DATA EXTRACT:
>>

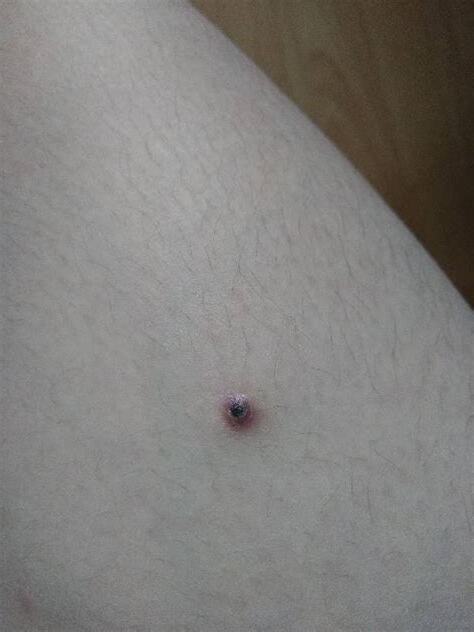 大腿根有痣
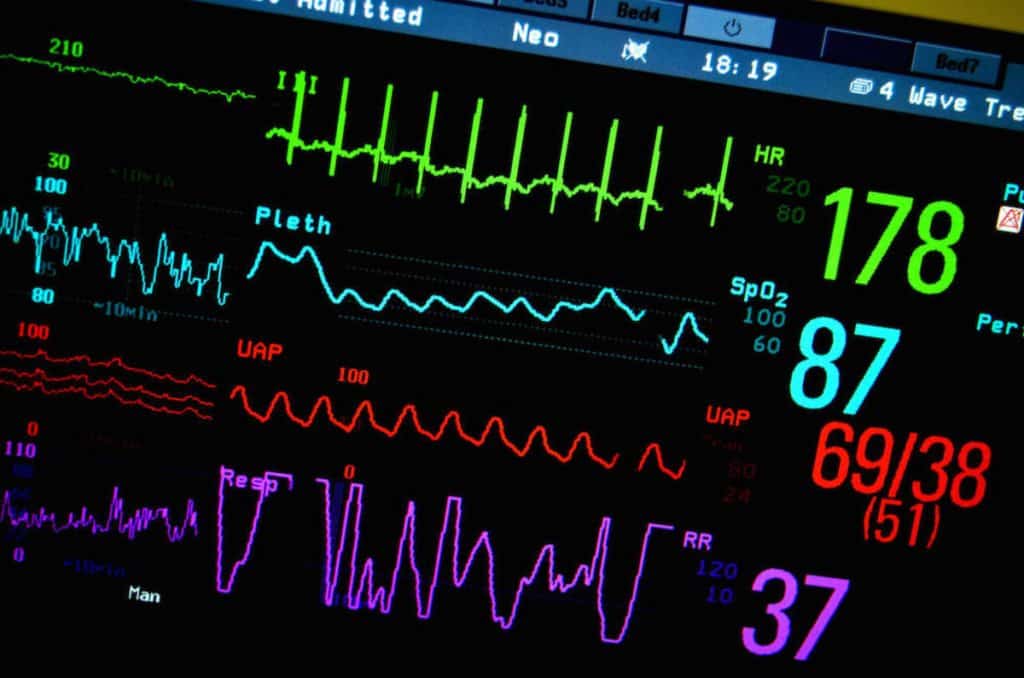Simple, Cost-Effective Radio Tags to Monitor Vital signs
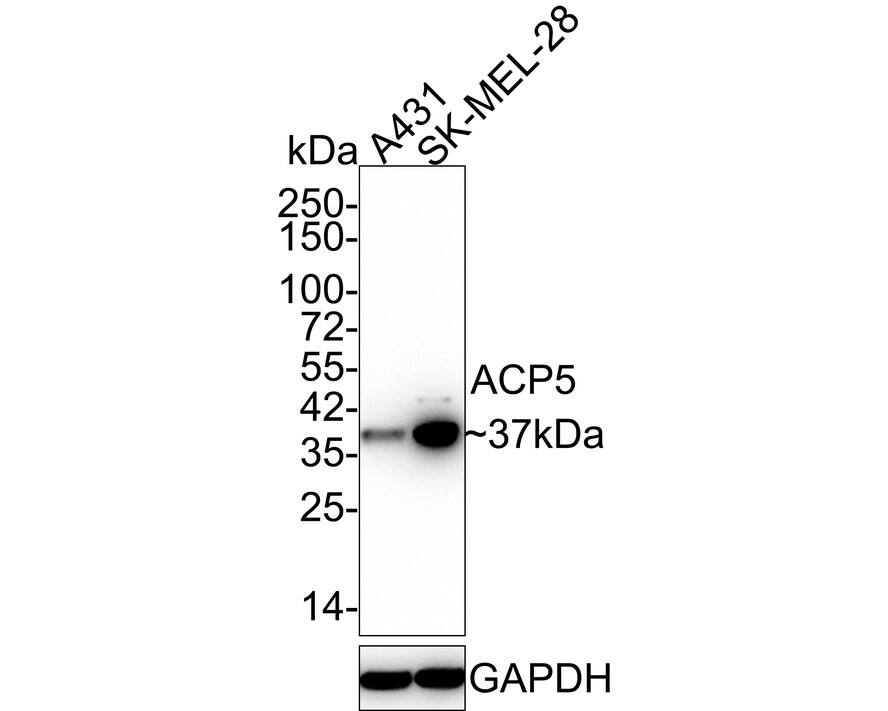 Western blot analysis on different lysates with NBP3-32994 at 1/2,000 dilution. Lane 1: A431 cell lysate Lane 2: SK-MEL-28 cell lysate Lysates/proteins at 30 µg/Lane. Predicted band size: 37 kDa Observed band size: 37 kDa Exposure time: 3 minutes 20 seconds; 4-20% SDS-PAGE gel. Proteins were transferred to a PVDF membrane and blocked with 5% NFDM/TBST for 1 hour at room temperature. NBP3-32994 at 1/2,000 dilution was used in 5% NFDM/TBST at 4℃ overnight. Goat Anti-Rabbit IgG [HRP] Secondary Antibody at 1/50,000 dilution was used for 1 hour at room temperature.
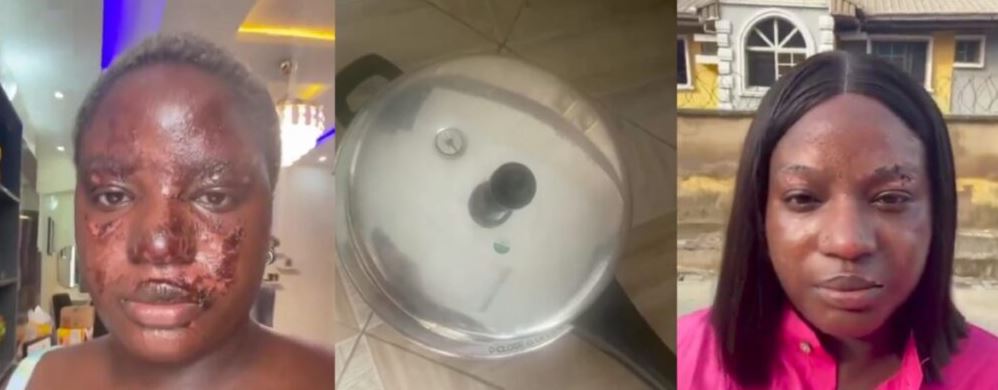 Nigerian Lady Narrates Terrifying Experience Where A Pressure Pot Nearly Took Her Sight (Video)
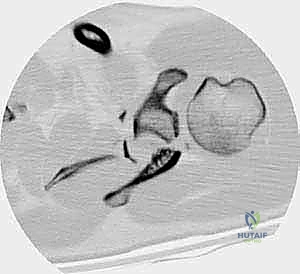Illustration of fractures of the glenoid - Dr. Mohammed Hutaif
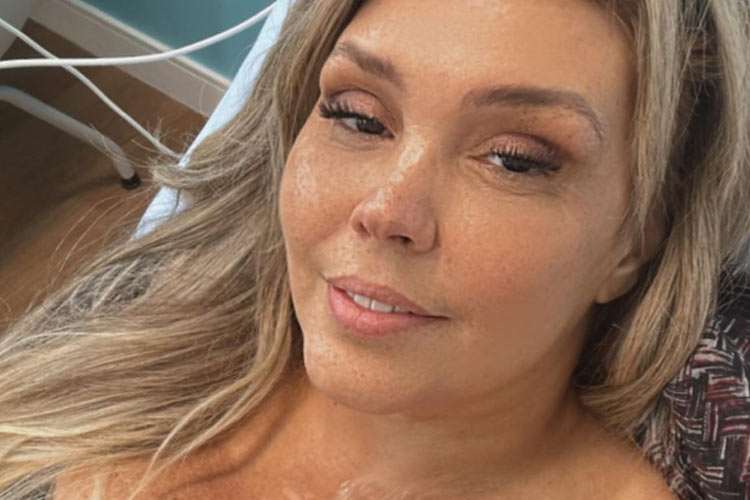 Simony faz desabafo após receber ataques por mudança no rosto em tratamento e desabafa: ‘Estou viva, grata e feliz’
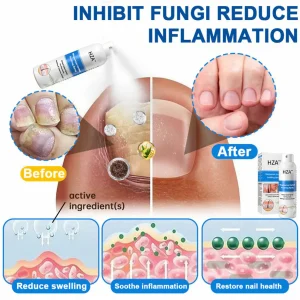 HZA™ Magnesium Herbal Psoriasis Spray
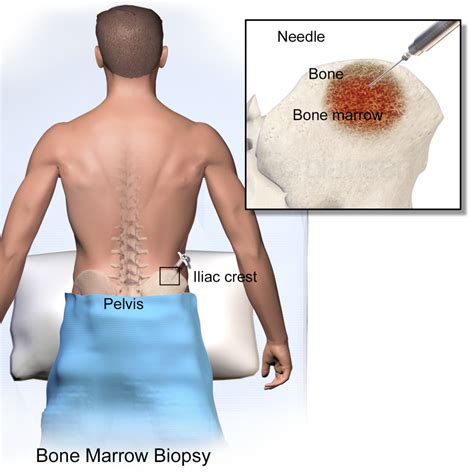 How Painful is a Bone Marrow Biopsy? Can You Be Sedated?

<<

ACTION ITEM:
Could you restate every entry above word for word, leaving out the pictures?

EXERCISE SOLUTION:
 大腿根有痣
Simple, Cost-Effective Radio Tags to Monitor Vital signs
 Western blot analysis on different lysates with NBP3-32994 at 1/2,000 dilution. Lane 1: A431 cell lysate Lane 2: SK-MEL-28 cell lysate Lysates/proteins at 30 µg/Lane. Predicted band size: 37 kDa Observed band size: 37 kDa Exposure time: 3 minutes 20 seconds; 4-20% SDS-PAGE gel. Proteins were transferred to a PVDF membrane and blocked with 5% NFDM/TBST for 1 hour at room temperature. NBP3-32994 at 1/2,000 dilution was used in 5% NFDM/TBST at 4℃ overnight. Goat Anti-Rabbit IgG [HRP] Secondary Antibody at 1/50,000 dilution was used for 1 hour at room temperature.
 Nigerian Lady Narrates Terrifying Experience Where A Pressure Pot Nearly Took Her Sight (Video)
Illustration of fractures of the glenoid - Dr. Mohammed Hutaif
 Simony faz desabafo após receber ataques por mudança no rosto em tratamento e desabafa: ‘Estou viva, grata e feliz’
 HZA™ Magnesium Herbal Psoriasis Spray
 How Painful is a Bone Marrow Biopsy? Can You Be Sedated?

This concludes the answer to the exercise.